[EXERCISE OBJECTIVE]
Starting at the line with "SKODA KAROQ 1.5", return every line through the final one of the data, word for word. Pictures stay out.

[EXERCISE MATERIAL]
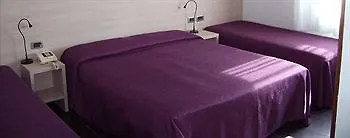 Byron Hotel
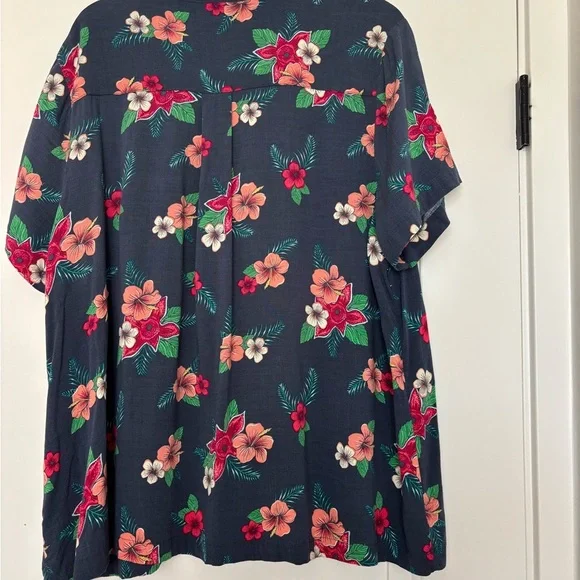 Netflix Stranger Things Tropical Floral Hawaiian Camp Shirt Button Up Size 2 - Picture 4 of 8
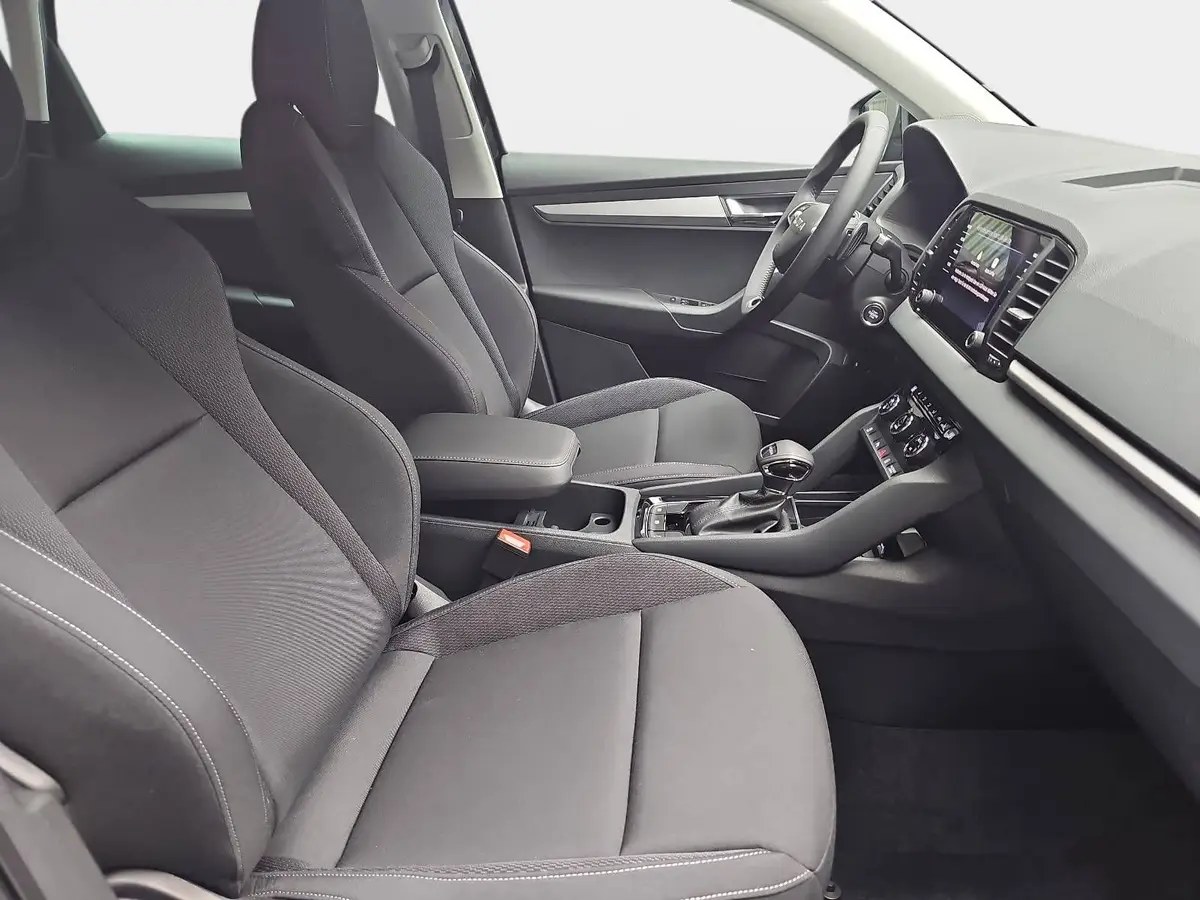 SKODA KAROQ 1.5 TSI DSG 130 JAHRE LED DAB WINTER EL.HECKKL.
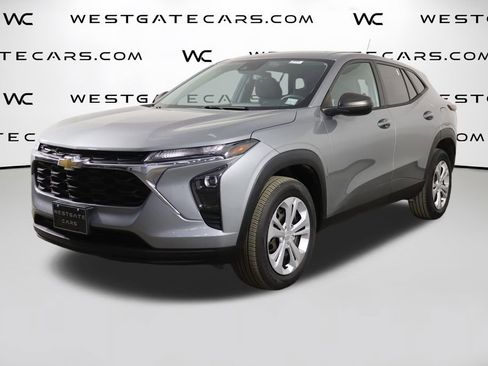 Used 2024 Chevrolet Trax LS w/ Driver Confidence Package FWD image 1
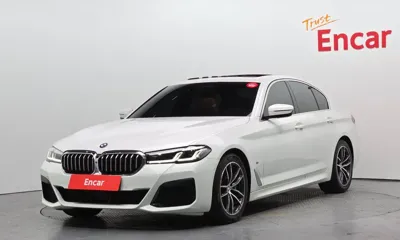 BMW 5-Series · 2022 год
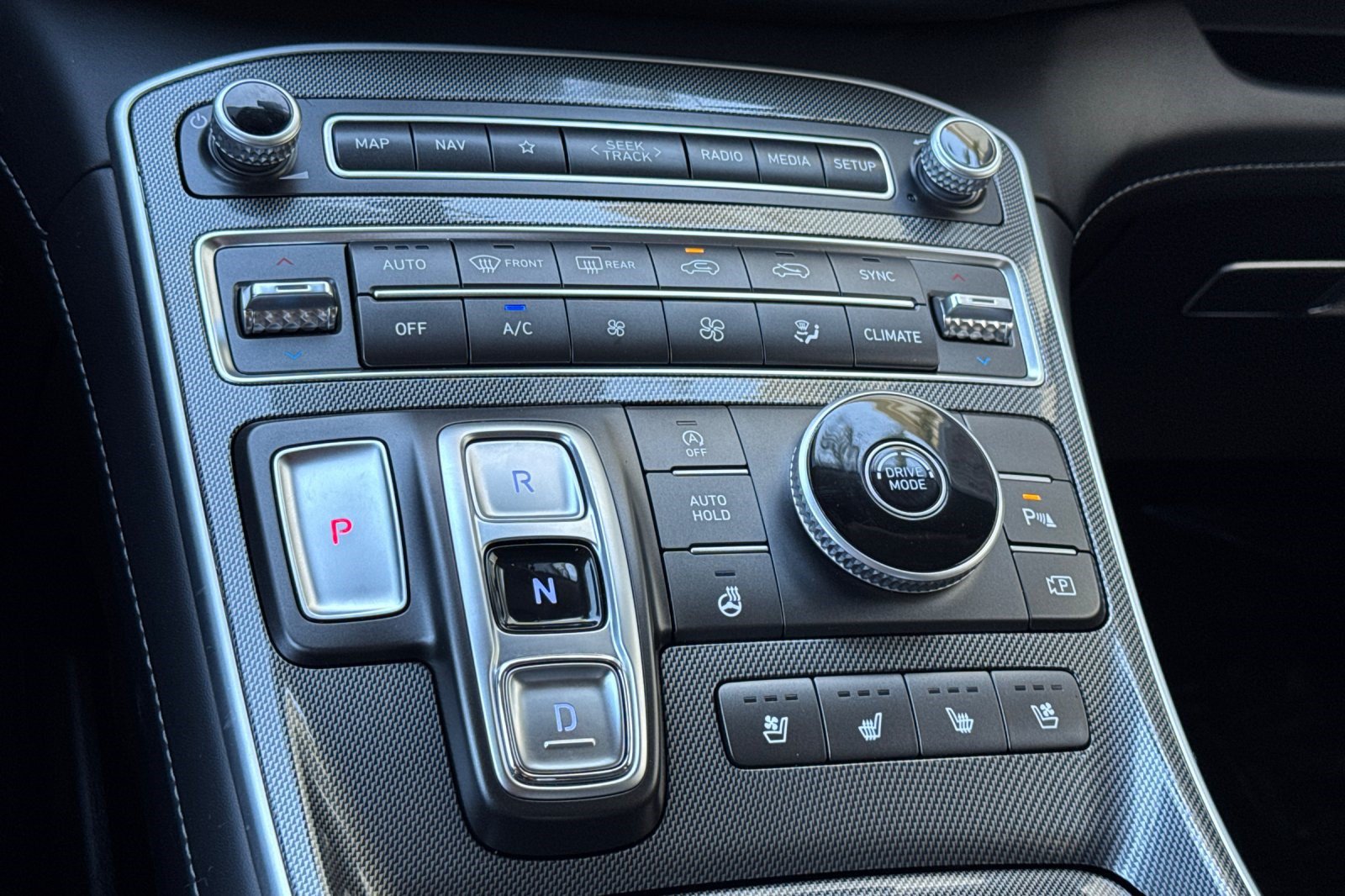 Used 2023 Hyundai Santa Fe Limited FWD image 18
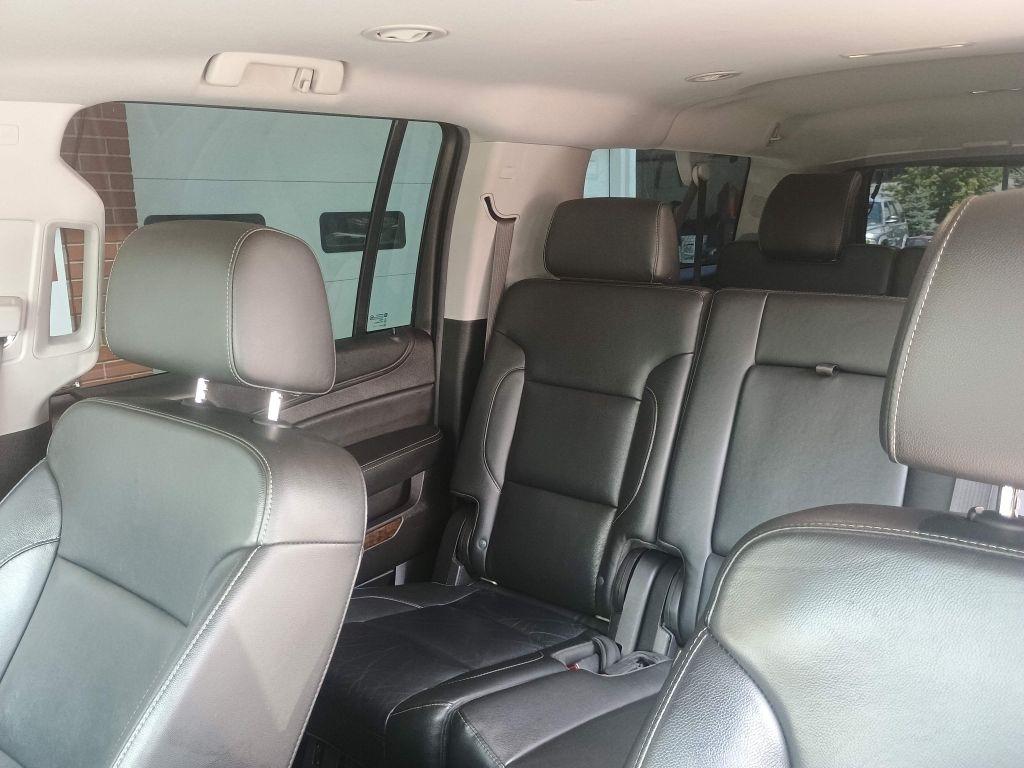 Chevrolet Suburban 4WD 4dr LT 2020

[ANSWER BELOW]
 SKODA KAROQ 1.5 TSI DSG 130 JAHRE LED DAB WINTER EL.HECKKL.
 Used 2024 Chevrolet Trax LS w/ Driver Confidence Package FWD image 1
 BMW 5-Series · 2022 год
 Used 2023 Hyundai Santa Fe Limited FWD image 18
 Chevrolet Suburban 4WD 4dr LT 2020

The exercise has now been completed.